» **Task statement**:
Lines containing "Monoclonal" should be pulled from the material below.
--- --- ---
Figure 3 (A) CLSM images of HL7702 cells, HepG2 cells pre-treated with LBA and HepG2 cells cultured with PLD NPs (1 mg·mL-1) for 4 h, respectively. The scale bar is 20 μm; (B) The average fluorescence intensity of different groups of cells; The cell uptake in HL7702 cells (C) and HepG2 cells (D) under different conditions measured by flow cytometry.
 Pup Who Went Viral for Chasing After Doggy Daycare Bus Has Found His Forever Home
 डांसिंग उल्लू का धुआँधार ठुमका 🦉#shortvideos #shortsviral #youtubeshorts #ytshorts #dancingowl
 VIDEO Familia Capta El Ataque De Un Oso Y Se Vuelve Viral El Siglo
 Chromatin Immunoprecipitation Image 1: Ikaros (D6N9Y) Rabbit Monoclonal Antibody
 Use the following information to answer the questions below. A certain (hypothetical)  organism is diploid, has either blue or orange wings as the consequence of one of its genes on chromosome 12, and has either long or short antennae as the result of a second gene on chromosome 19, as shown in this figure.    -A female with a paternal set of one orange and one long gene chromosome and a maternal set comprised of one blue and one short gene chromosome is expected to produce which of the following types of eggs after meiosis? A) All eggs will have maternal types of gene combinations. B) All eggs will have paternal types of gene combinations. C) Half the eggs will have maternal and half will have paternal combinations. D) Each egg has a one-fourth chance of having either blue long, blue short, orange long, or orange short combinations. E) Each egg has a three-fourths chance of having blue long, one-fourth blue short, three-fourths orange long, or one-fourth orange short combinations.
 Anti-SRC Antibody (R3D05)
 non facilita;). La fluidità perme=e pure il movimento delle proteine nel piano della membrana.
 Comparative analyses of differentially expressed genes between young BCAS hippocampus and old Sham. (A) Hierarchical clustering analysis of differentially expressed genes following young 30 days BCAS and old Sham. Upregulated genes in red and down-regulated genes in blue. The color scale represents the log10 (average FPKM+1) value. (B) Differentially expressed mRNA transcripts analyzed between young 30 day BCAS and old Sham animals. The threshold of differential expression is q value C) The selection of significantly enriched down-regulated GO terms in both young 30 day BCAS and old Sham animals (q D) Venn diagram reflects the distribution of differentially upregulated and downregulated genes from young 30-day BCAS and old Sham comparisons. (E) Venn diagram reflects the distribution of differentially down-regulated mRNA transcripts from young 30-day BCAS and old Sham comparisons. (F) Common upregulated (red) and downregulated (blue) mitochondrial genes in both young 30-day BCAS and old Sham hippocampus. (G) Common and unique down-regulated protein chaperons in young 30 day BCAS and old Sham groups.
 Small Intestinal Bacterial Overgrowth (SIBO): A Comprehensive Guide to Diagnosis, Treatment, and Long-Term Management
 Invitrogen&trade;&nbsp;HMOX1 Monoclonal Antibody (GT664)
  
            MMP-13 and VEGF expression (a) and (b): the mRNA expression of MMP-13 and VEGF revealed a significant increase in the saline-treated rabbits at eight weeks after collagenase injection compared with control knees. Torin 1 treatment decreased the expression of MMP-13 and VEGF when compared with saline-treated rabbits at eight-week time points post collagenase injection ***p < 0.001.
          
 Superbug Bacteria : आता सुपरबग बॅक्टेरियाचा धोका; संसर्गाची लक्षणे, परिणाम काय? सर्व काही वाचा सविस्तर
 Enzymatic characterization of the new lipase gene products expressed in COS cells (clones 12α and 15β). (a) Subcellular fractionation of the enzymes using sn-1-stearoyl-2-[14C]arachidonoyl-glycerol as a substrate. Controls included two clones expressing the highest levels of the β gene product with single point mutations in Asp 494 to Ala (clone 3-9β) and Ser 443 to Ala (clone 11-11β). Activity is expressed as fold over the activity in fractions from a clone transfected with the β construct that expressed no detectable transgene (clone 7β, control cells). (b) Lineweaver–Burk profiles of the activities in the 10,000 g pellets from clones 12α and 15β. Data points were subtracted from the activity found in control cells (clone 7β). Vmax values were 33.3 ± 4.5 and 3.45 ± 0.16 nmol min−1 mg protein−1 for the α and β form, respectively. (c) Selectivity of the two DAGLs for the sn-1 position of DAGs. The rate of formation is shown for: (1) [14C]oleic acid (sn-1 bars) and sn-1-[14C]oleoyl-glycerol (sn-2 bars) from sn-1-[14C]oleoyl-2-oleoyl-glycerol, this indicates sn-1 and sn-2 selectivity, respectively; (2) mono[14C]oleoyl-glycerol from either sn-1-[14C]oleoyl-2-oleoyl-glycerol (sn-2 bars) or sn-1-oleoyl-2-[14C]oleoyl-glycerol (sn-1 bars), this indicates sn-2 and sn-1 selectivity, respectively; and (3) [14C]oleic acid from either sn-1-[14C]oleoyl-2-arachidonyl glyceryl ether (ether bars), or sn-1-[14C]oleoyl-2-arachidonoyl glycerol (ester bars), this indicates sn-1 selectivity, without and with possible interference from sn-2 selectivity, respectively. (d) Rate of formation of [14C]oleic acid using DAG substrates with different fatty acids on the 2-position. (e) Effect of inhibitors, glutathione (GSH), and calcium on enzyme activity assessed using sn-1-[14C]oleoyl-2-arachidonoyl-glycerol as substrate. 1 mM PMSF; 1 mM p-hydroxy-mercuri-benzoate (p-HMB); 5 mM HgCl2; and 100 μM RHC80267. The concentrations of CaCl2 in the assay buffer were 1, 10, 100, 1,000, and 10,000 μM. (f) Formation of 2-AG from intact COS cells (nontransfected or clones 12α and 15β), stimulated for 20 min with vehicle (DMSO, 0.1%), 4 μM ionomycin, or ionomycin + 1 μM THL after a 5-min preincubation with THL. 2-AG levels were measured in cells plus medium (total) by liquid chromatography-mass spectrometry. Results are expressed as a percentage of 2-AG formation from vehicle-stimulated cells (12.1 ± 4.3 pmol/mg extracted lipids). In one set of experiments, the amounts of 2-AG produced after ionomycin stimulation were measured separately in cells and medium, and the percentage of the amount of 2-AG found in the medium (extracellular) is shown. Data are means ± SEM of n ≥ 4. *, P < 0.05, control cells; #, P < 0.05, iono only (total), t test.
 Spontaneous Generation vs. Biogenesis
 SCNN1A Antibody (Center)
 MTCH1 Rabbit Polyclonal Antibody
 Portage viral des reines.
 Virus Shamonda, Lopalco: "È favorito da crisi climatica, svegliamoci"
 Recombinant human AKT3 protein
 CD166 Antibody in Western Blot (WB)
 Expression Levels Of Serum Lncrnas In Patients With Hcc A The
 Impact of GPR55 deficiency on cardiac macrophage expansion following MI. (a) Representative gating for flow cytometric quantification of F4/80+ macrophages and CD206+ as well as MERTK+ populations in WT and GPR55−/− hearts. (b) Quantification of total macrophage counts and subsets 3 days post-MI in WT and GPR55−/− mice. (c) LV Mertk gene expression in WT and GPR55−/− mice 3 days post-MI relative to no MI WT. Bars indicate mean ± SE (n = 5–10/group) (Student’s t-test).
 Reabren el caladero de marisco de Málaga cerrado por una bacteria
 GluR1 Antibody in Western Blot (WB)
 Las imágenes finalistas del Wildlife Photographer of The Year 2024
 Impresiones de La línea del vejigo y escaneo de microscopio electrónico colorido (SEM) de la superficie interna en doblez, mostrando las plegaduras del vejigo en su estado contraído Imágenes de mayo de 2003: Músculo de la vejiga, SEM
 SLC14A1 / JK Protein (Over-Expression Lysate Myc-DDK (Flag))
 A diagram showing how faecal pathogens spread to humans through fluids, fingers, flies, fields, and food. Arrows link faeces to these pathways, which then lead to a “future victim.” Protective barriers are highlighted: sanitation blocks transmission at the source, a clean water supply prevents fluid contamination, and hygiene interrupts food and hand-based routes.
--- --- ---
» **Expected answer**:
 Chromatin Immunoprecipitation Image 1: Ikaros (D6N9Y) Rabbit Monoclonal Antibody
 Invitrogen&trade;&nbsp;HMOX1 Monoclonal Antibody (GT664)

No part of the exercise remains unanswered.